No les voy a echar la culpa a estos tiempos en que los terrícolas nacen ya con el amor con fecha de caducidad. Es un signo de la modernidad. Es un daño que no pudo arreglársele a la gente de mi generación, la cual no acaba de comprender que el agradecimiento, la capacidad de ser agradecidos, no resulta una señal de «tornillo flojo», de error de fábrica.
Por eso de vez en cuando me levanto preocupado por mi debilidad, la cual se hace más intensa con los años sin que lo pueda remediar. Me inquieta, a veces, que no pueda evitar el desencanto cuando descubro que los mortales de hoy tienen tan limitada la memoria, que olvidan la mano firme que los alentó a caminar, el abrazo que los protegió cuando el frío se hizo insoportable, la cuchara rebosante que el hambre les mató.

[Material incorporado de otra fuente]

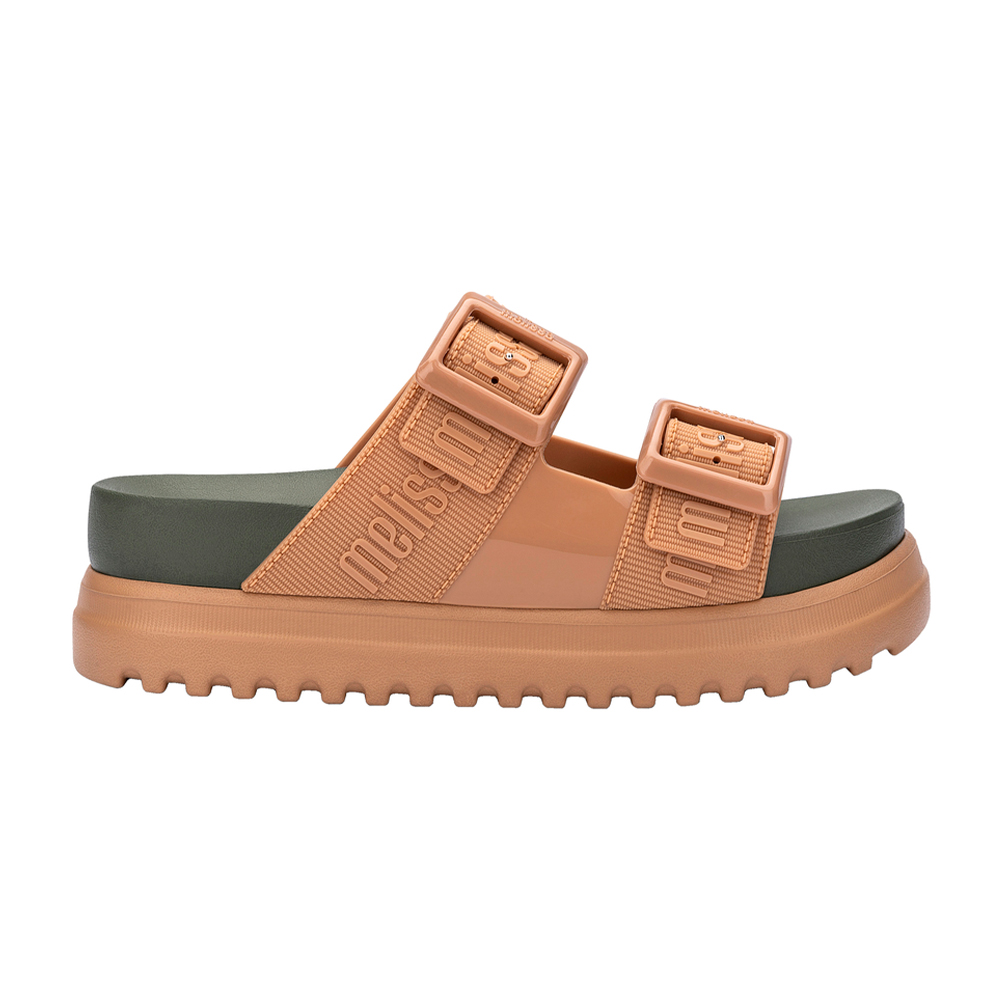 LOGO雙扣帶厚底拖鞋 - 墨綠色, 5 🟡29 JAN.|🌟功能性|厚底鞋|防水|Melissa|SLIPPERS 拖鞋|季別|L-26SS|👠👜雙週新品 | 週四上新|優惠活動 Promotion|🤍質感延續🩵滿2000現折214|品牌|Melissa|款式 STYLE|厚底鞋 platform|拖鞋 Slippers|跟高 Heel Height|中跟 5-7 cm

Es un problema de RAM, de gigas, de mala calibración, en sus casos. En el nuestro, de hechura, de pésimo diseño. Me doy cuenta cuando me sorprendo esperando un saludo, un «cómo estás», una sonrisa, un «esté donde esté, siempre me acuerdo de ti…», un muñequito en el chat, «una persona que quizá me conozca», pero que no me conoce… Y trato de repararme, de formatearme, para empezar de cero y tener la precaución de no llenar de besos para no correr el peligro de que se enteren (y se aprovechen) de que amo con libertad y con locura; sin que me extrañe que me pasen el estado de la cuenta por el sexo salvador que me sudé y que viví.
Yo estoy defectuoso desde que me llegó la luz primera. A veces creo que me concibieron encima de un caballo (o una yegua, da lo mismo) a todo trote. Lo noto en lo mal «encabado» que parieron este cuerpo y en lo frágil de mis sentimientos, y hasta con esa legión (a esos tantos que he encontrado en mi camino) a la que, por la bondad más pura, le he entregado hasta mi alma.
Mis cómplices más cercanos tratan de consolarme, como si todos, de repente, se convirtieran en Antoine de Saint-Exupéry. «Lo esencial no está en lo físico, sino en tu corazón…», me dicen. Pero sé que ya nadie está para zambullirse en las profundidades del otro; ya nadie quiere colgarse el cartel de «buzo» empecinado en encontrar algo que lo ilumine entre la aparente basura…
Definitivamente estoy defectuoso desde que me llegó la luz primera, porque a pesar de los pesares sigo creyendo en el amor, en la amistad, en el otro, porque no me cansaré de aprovechar esa oportunidad enorme que me da la vida de intentar a toda costa ser feliz, de estar aquí incluso hasta para los olvidadizos, los de escasa memoria RAM. Siempre. Incondicionalmente. Aunque mi aroma no sea persistente y el envase carezca de gracia. Aquí, con mi alma, mi corazón, mi mano, mi cuchara, mi hombro, mi abrazo, mis piernas, mi respiración.